INPUT FOR THIS TASK Start Marker
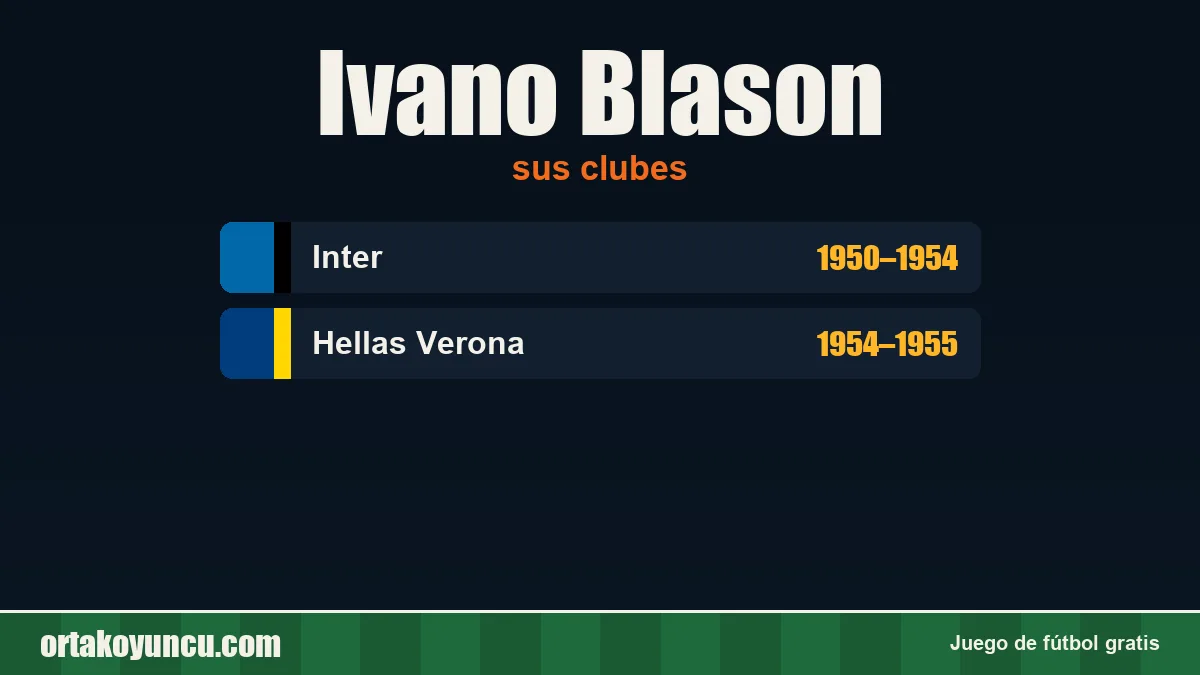Ivano Blason: clubes y años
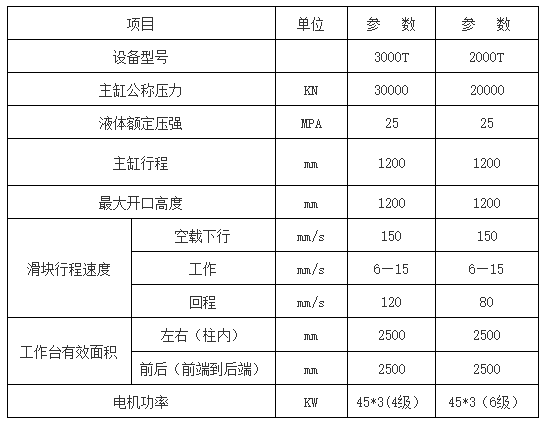 2000噸3000噸(dūn)框架液壓(yā)機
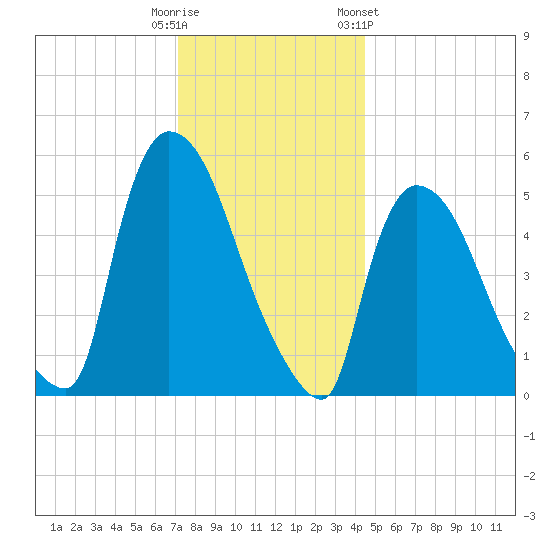East Rutherford tide chart for Monday, December 11, 2023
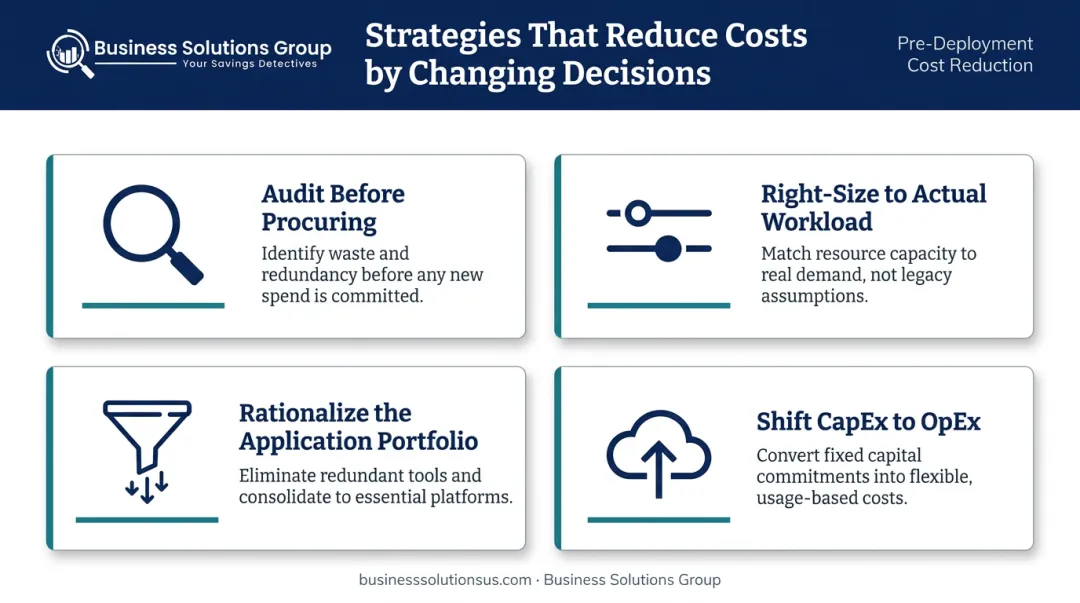 Four IT cost reduction strategies targeting procurement decisions before deployment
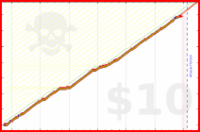 ioioio/promise-of-the-day's progress graph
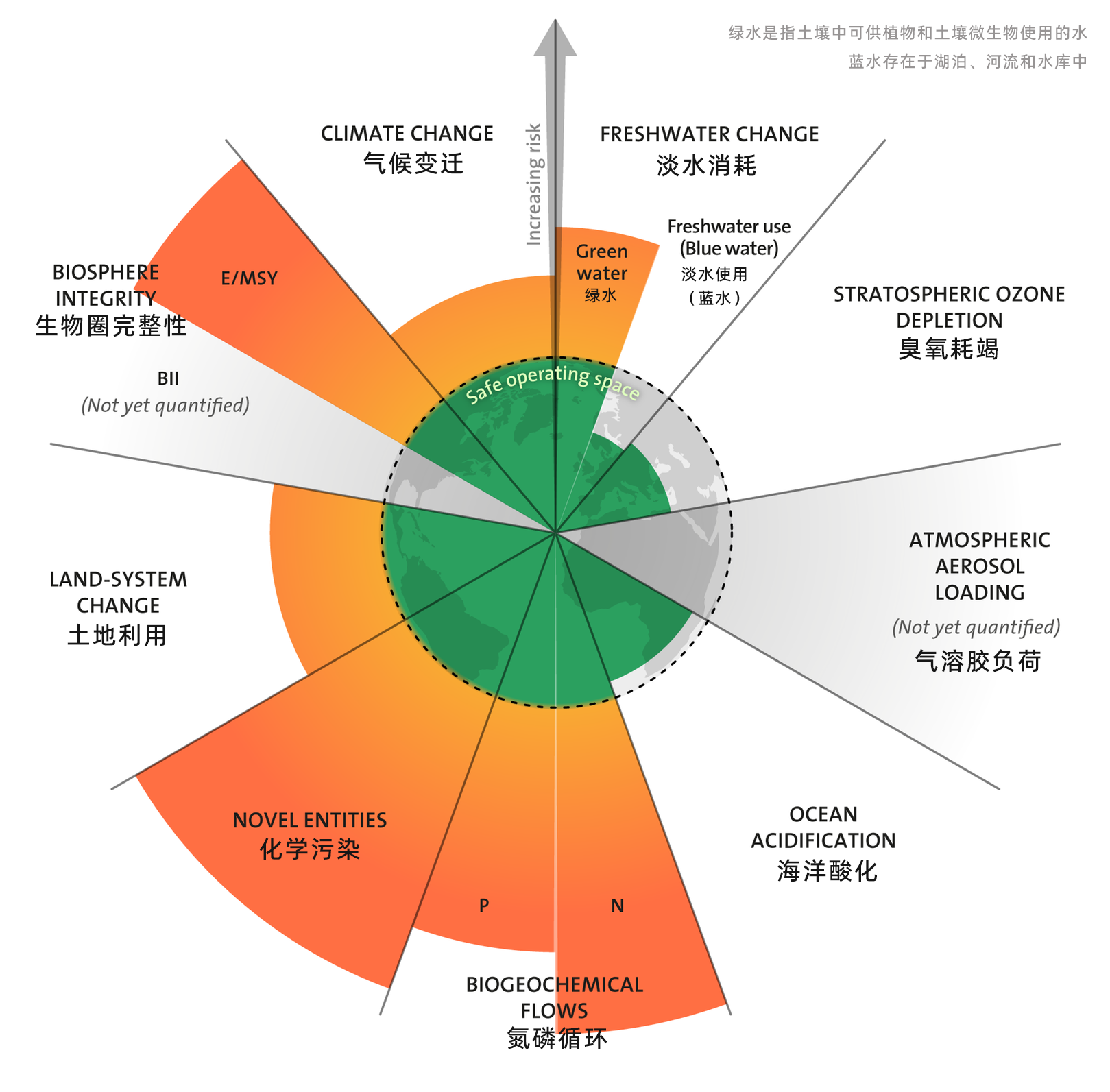 地球边界(CN) (1).png 地球边界(CN) (1).png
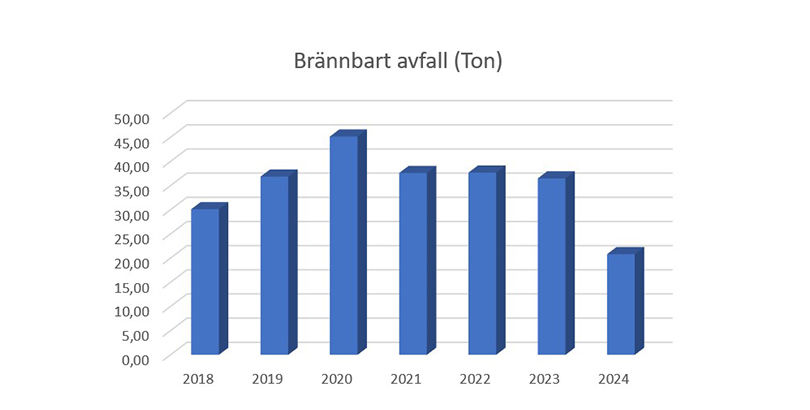 Graf Brännbart Avfall 2024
INPUT FOR THIS TASK End Marker
**TASK STATEMENT**
The result should hold only the lines from the line with "East Rutherford tide" through the final line of the records above, copied exactly, with pictures left out.

**EXPECTED ANSWER**
East Rutherford tide chart for Monday, December 11, 2023
 Four IT cost reduction strategies targeting procurement decisions before deployment
 ioioio/promise-of-the-day's progress graph
 地球边界(CN) (1).png 地球边界(CN) (1).png
 Graf Brännbart Avfall 2024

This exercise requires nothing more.